Les Oscars en Blu-ray (1929 – 1945) : Les années rugissantes

La saison des Oscars est souvent l’occasion de s’écharper entre amis sur les oublis du Palmarès ou autour de paris quant aux futurs gagnants ou encore de veiller pour suivre les commentaires oiseux du grand échalas aux vannes grasses dont les connaissances en matière de cinéma se réduisent à la portion congrue quand Didier Allouche fait ce qu’il peut pour relever le niveau et ne pas toujours rire jaune. Tiens, on verrait bien d’ailleurs notre grand escogriffe se grimer en black comme au bon vieux temps du cinéma muet histoire d’en remettre une couche sur l’absence d’afro-américains dans la liste des nominés cette année. On applaudirait des coudes en tout cas.

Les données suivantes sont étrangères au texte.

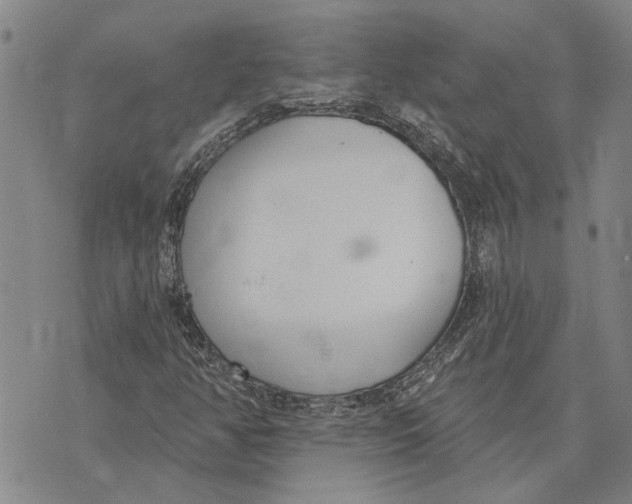 X0000073711350200608311744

Mais on s’égare car tel n’est pas notre propos ici. Quelque part on s’en fout un peu des Oscars (depuis quelques années d’ailleurs). Ben parce que l’on a passé l’âge de s’endormir comme une petite crotte sur son canapé, que l’on n’a plus de copains et que l’on préfèrera en cas d’insomnie se mater en Blu-ray un des récipiendaires de la statuette dans la catégorie meilleur film. L’occasion donc pour nous de lister ce qui existe dans le domaine en pointant le meilleur choix histoire de vous guider dans le cas où la soirée serait trop naze, que vos amis imaginaires dormiraient ou que l’autre derrière son micro serait trop bourré / jetlagué.

Ah et puis si vous voulez continuer l’aventure, il y a une deuxième partie à cet excellent dossier qui se nomme Les Oscars en Blu-ray (1946 – 1960) : L’âge d’or des Studios.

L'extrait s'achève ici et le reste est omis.